Two years ago, a major supersize fracking operation that many said would represent the future of the U.S. drilling boom was initiated. To reduce costs and avoid problems that can occur when single shale wells are spaced too closely together, an experiment was begun where as many as sixty oil and natural-gas wells would be completed from one location. While many looked promising in 2017, their performance had fallen off very significantly (e.g., compare Figures 9.1.6 and 9.1.7).

It turned out the problem afflicted an entire industry. Magic rules of thumb, many lacking in reservoir engineering rigor, proliferated. Two hundred feet, then three hundred, then ever increasing separations would be key to productivity. But this was nothing new. In 2014, the senior author attended an industry seminar where one company expert, asked how fracture densities were selected, replied, "If a competitor adopted a hundred fracs, we’d go two hundred."

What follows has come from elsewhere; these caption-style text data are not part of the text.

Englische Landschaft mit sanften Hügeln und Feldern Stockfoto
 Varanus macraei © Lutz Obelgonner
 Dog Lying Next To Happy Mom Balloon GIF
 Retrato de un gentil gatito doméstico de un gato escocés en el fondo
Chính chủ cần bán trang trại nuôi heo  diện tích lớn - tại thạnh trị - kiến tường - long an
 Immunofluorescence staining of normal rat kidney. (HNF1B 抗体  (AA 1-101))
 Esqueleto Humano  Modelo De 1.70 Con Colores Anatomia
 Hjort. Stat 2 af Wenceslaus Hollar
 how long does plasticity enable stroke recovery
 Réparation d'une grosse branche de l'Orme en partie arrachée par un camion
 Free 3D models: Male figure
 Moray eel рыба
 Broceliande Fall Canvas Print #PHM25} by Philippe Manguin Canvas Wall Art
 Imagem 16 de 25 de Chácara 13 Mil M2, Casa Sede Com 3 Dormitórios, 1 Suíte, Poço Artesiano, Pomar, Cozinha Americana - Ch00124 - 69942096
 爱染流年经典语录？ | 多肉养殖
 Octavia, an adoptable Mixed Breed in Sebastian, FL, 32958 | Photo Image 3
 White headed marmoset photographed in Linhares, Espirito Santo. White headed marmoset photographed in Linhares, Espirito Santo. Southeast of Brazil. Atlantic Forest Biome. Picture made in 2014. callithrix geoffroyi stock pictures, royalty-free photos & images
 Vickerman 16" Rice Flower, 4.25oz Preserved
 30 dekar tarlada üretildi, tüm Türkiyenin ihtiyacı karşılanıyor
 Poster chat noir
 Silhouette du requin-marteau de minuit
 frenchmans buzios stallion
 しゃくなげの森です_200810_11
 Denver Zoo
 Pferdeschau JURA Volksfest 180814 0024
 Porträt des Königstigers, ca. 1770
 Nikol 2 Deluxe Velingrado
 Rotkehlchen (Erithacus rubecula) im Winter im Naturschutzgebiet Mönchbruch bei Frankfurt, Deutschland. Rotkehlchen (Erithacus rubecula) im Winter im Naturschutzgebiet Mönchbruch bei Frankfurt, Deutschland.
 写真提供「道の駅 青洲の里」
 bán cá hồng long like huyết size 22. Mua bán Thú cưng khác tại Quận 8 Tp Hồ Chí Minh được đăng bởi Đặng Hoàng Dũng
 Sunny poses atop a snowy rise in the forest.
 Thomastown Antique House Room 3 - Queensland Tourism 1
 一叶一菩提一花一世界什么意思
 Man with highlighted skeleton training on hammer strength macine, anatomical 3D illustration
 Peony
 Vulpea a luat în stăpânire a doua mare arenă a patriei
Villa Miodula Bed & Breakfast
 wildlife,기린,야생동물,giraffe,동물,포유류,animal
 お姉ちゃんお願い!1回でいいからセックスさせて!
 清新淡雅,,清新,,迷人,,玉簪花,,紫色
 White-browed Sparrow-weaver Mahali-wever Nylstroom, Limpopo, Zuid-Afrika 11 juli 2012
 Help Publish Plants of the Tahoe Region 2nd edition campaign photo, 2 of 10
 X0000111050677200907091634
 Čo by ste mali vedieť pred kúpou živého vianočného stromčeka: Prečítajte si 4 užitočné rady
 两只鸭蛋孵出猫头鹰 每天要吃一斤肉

The WSJ article was not the first to warn of such problems. But it was key to highlighting industry issues that I was unaware of. I would research and study the literature. Spend sleepless nights dreading nightmares. Worry about unknowns rapidly becoming reality. About "frac hits," "parent-child interference, the need for new petrophysics, and how complexities with multilaterals defied analysis.

And "analytical versus ‘data driven’ approaches," as if statistics could replace predictive models ground in physical principles. This book shows how difficult problems can be simply studied using rapid, interactive, but rigorous methods. Over several weeks, the authors devised challenging scenarios showing that key features can be modeled, solved and understood . . . plus carefully documenting our findings.

And so, thank you, Brad Olson, for writing an excellent and enlightening piece; to Xiaoying, for your diligence and hard work; and, as usual, Phil Carmical, Publisher and Acquisition Editor, for your support, interest and keeping the faith all these years.